As you may have heard somewhere along the line, “Halloween” started as All Hallows’ Eve, which tells you a bit about the origin. “Hallow” is old-fashioned language for “Holy.” Hallow is same word that we usually use in the Lord’s Prayer (or the “Our Father” if you prefer), which is the prayer that Jesus taught his followers, found in the Bible in Matthew 6:9. The prayer starts like this: “Our Father in heaven, hallowed be your name…” In other words, we’re praying to God, acknowledging that his name (which represents all of who God is) is holy, set apart, and above all else. All of this to say that the “Hallow” in Halloween means “holy.”
To make a long story medium-sized, the ancient (and still-celebrated) Christian holiday called All Hallows’ Day (or All Saints’ Day), is observed on November 1. Different traditions and cultures hold to different types of celebrations, but the general idea is that it is a day for the church to celebrate and remember the lives of all Christians that have died and are in heaven. In ancient times especially, this was indeed a very special and holy day. And even today we would do well to stop and reflect on those we know and love who have passed away, and our unity with them even though they have passed to the next life.
Of course this is an over-simplification, and our traditions of donning costumes, carving pumpkins, and going door-to-door for candy all have fascinating and murky origins. And throw some harvest celebrations in the mix and you’ve got quite a witch’s brew, so to speak. But if All Hallows’ Day is November 1, that makes All Hallows’ Eve fall on October 31. So if November 1 is a high holy day, then October 31 is the day when, in a certain sense, all hell breaks loose, for at least one night, which we’ve expanded to roughly a month, because hey, any excuse to eat more candy corn!
Someone on the radio a while back sang a song that went something like this: “Every single one of us has a devil inside” (and it’s probably on the oldies stations by now). Is Halloween our chance to let that devil out to play for a while? The problem is that, yes, we do have a devil inside, but I’m afraid that if we revel in and celebrate the devils, the evil within and without, and even death, then we’ll lose our way and miss out on the life and joy and happiness that we’re made for. Someone much wiser than I once said: “We become what we celebrate.”

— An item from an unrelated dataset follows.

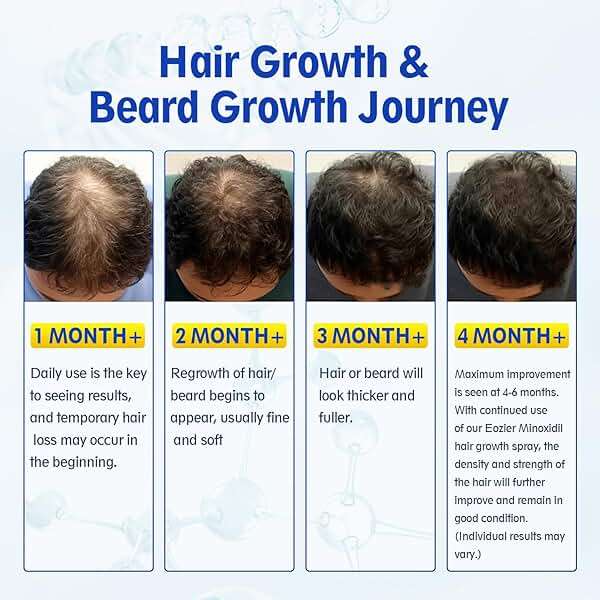 5% Minoxidil with Biotin, Hair Loss Treatments for Women Men Hair Regrowth Treatment, Minoxidil Spray Hair and Beard Mustached Growth Serum Oil, Improves Appearance of Thinning Hair,4 FL OZ/120mL - Image 9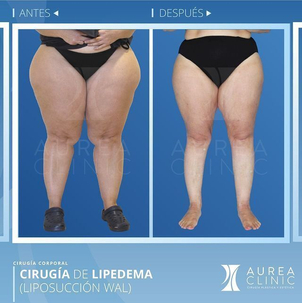 Antes y después liposucción lipedema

I haven’t been doing this Pastor thing for very long, but I’ve had the honor of leading five funerals so far this year, and I’m certain there will be more sooner or later. One thing I notice during a funeral is that no one is celebrating death. No one is happy about suffering on those days. No one thinks it is fun that evil has left its mark. Yes, we celebrate the life that was lived, and mourn our loss together, but we certainly aren’t reveling in death itself.
Speaking of death, zombies seem to be popular these days, especially on TV. I’m rather certain that more than one zombie will ring our doorbell in a few days. Zombies too have a long and storied history, but they are most famous for being “undead.” They are dead bodies that have somehow come back to a death-life, and they spread their death-life to the living.

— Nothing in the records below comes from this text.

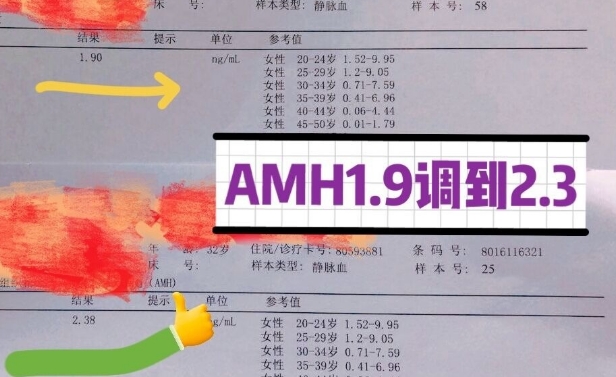 amh值回升可能是卵巢得到了改善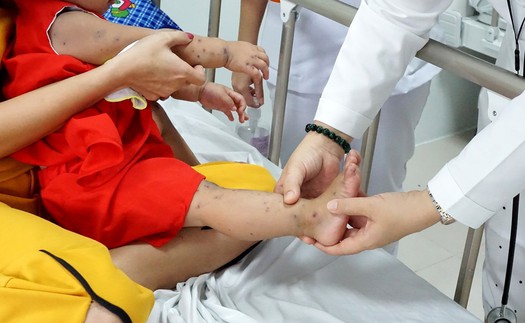 Hà Nội mở đợt cao điểm phòng chống bệnh tay chân miệng trong trường học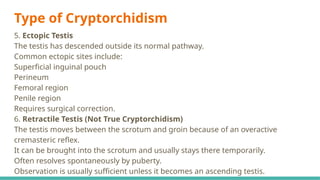 Type of Cryptorchidism
5. Ectopic Testis
The testis has descended outside its normal pathway.
Common ectopic sites include:
Superficial inguinal pouch
Perineum
Femoral region
Penile region
Requires surgical correction.
6. Retractile Testis (Not True Cryptorchidism)
The testis moves between the scrotum and groin because of an overactive
cremasteric reflex.
It can be brought into the scrotum and usually stays there temporarily.
Often resolves spontaneously by puberty.
Observation is usually sufficient unless it becomes an ascending testis.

Would it be too sacrilegious to think of Jesus as the ultimate zombie? Or perhaps the anti-zombie? It is historically verifiable that Jesus lived on this earth about 2,000 years ago. And he died on a cross, and he was really and truly dead after taking on all the evil and death in the world. He came back to life, but not a death-life. He, being fully God and fully man, defeated death and came back to life-life. Even if we feel alive in some sense, we are walking in spiritual death if we haven’t yet received Jesus’ death-defying life. Jesus, the ultimate undead one, seeks to spread his true life to the walking dead.
Bob Wiegers is the pastor of First Baptist Church of Bennington, which seeks to celebrate and share the faith, hope and love we find in Jesus.